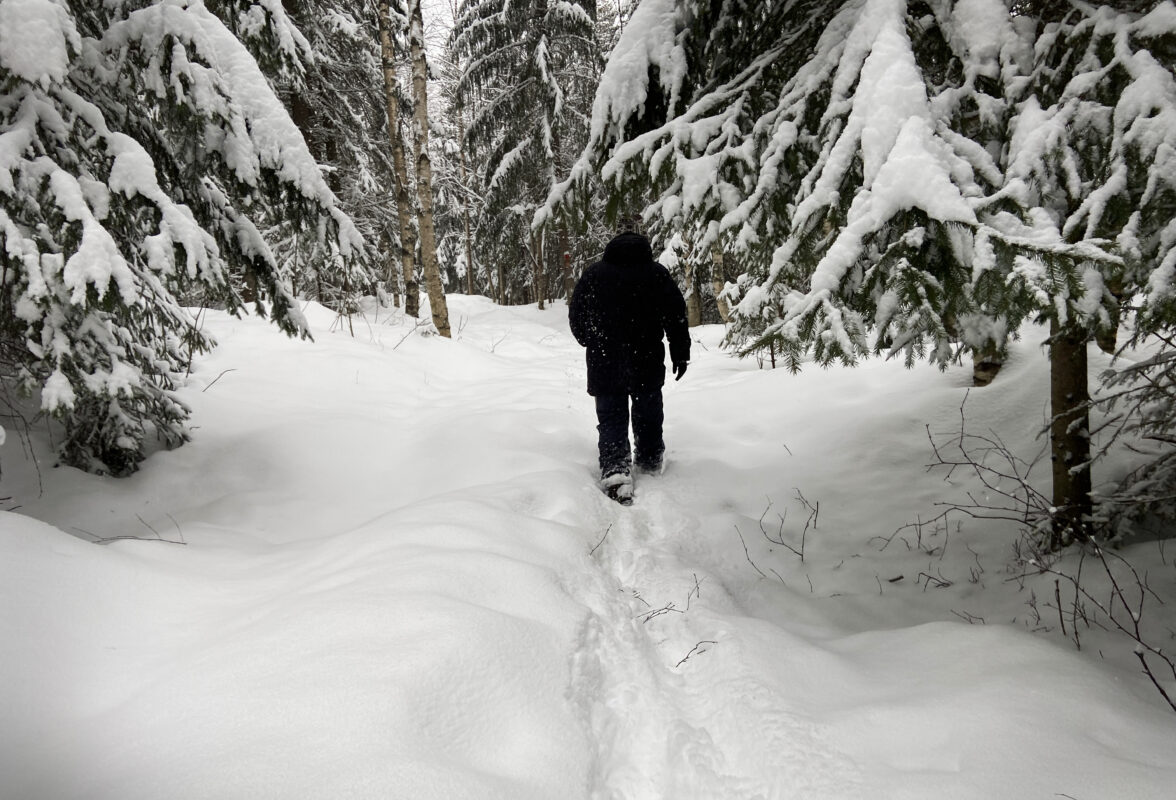 En man i svarta ytterkläder pulsar i snön i skogen.
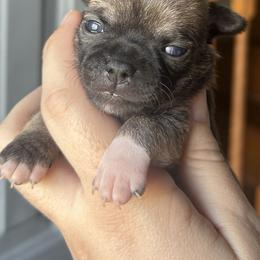 Chihuahua and French Bulldog Puppies from Sasha’s Elite Kennel LLC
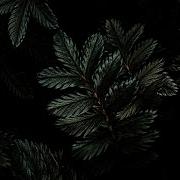Stone Cream Full Album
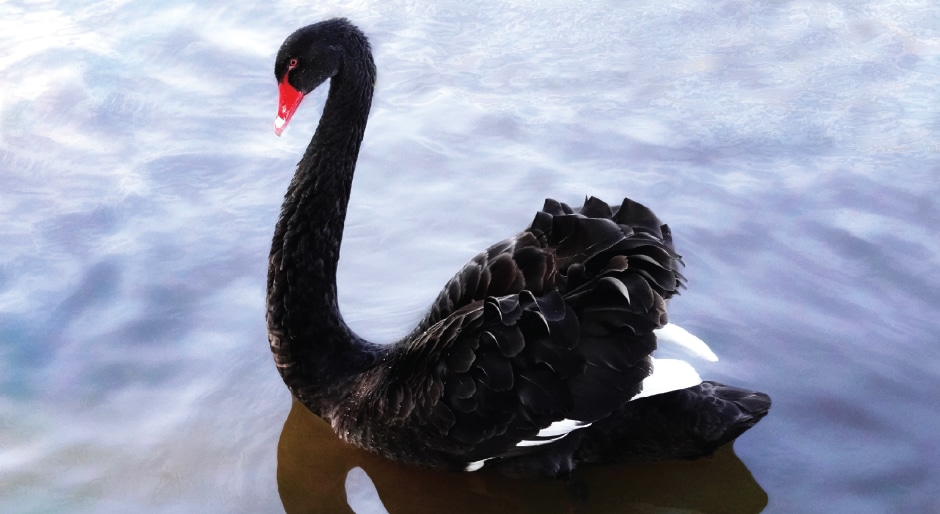 Risk and real estate: Antifragility of real estate investments and black swans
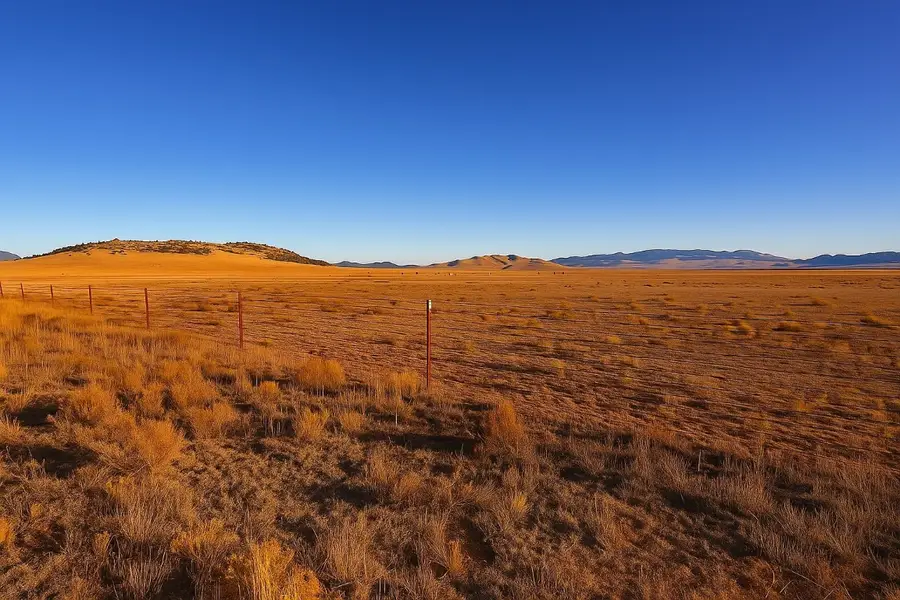 TBD Black Beaver Road, Hartsel, CO 80449 - Image #2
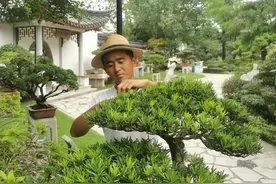 秋风起，罗汉松盆景养护需注意以下几点图片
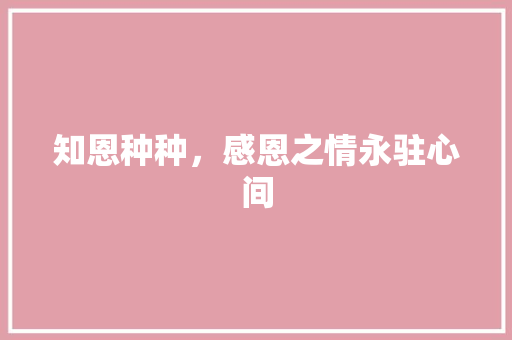 知恩种种，感恩之情永驻心间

§ TASK DESCRIPTION
Each entry above must be printed exactly, apart from its pictures.

§ REPLY
 En man i svarta ytterkläder pulsar i snön i skogen.
 Chihuahua and French Bulldog Puppies from Sasha’s Elite Kennel LLC
Stone Cream Full Album
 Risk and real estate: Antifragility of real estate investments and black swans
 TBD Black Beaver Road, Hartsel, CO 80449 - Image #2
 秋风起，罗汉松盆景养护需注意以下几点图片
 知恩种种，感恩之情永驻心间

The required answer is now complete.